Source data:
○ ○ ○

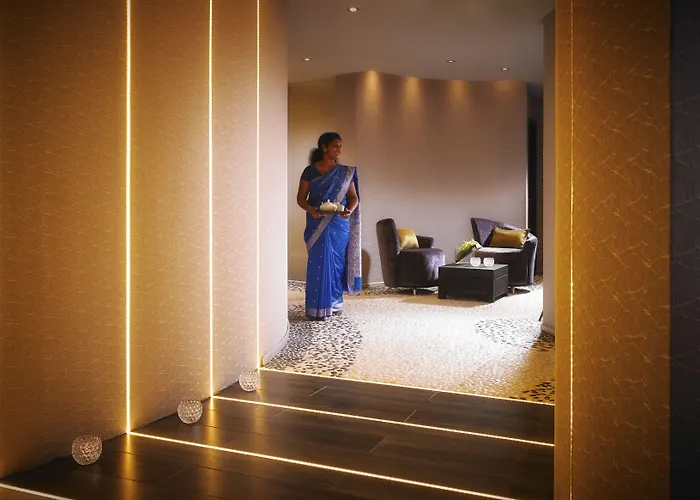 Coast Hotel Westport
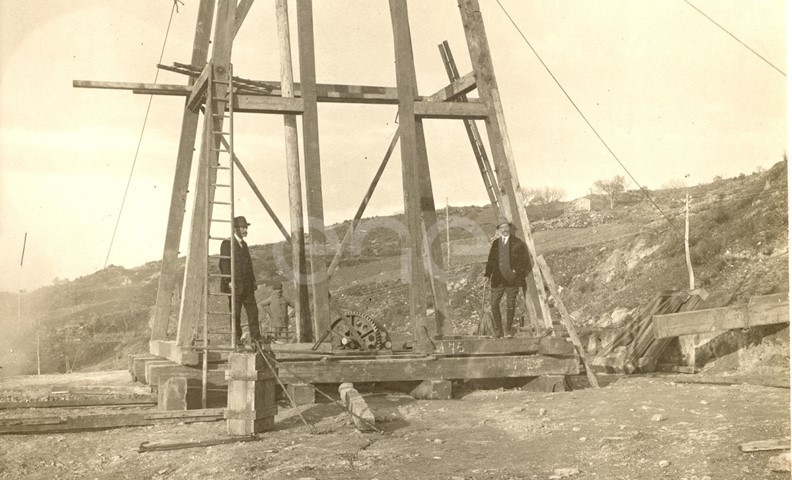 Larderello. Esplosione di vari soffioni.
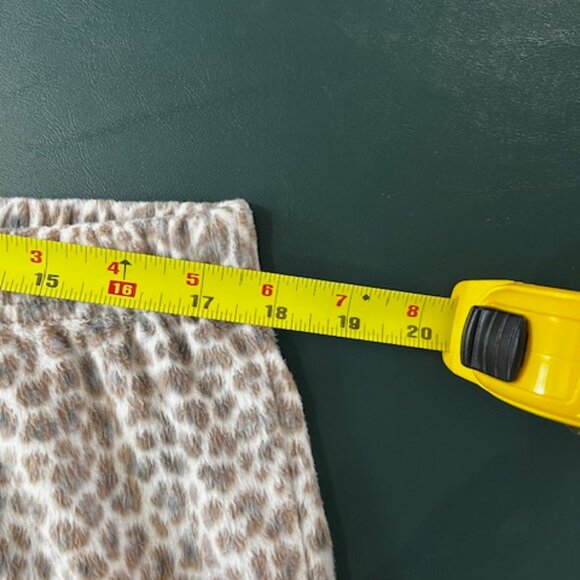 Closet Clearance Classy 2 Piece Plush Animal Print Stretchy Lounge Set - Picture 9 of 11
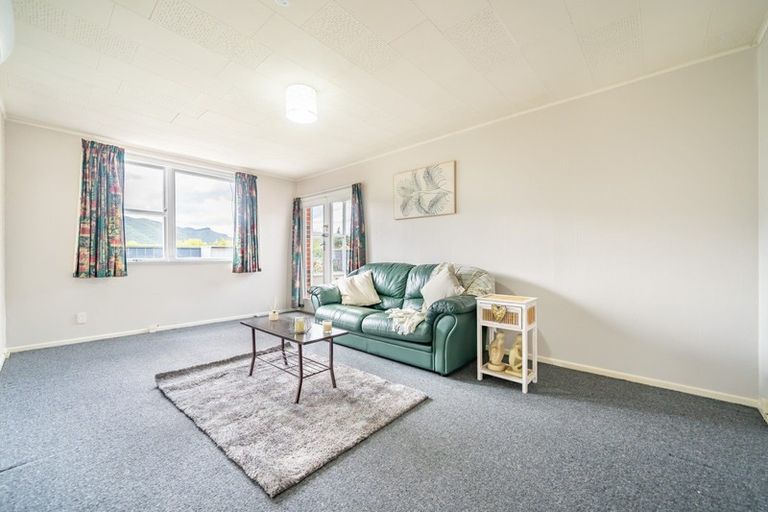 Photo of property in 2/113 Clouston Park Road, Clouston Park, Upper Hutt, 5018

○ ○ ○

About this task: Copy out the material word for word, without any images.

Exercise output:
 Coast Hotel Westport
 Larderello. Esplosione di vari soffioni.
 Closet Clearance Classy 2 Piece Plush Animal Print Stretchy Lounge Set - Picture 9 of 11
 Photo of property in 2/113 Clouston Park Road, Clouston Park, Upper Hutt, 5018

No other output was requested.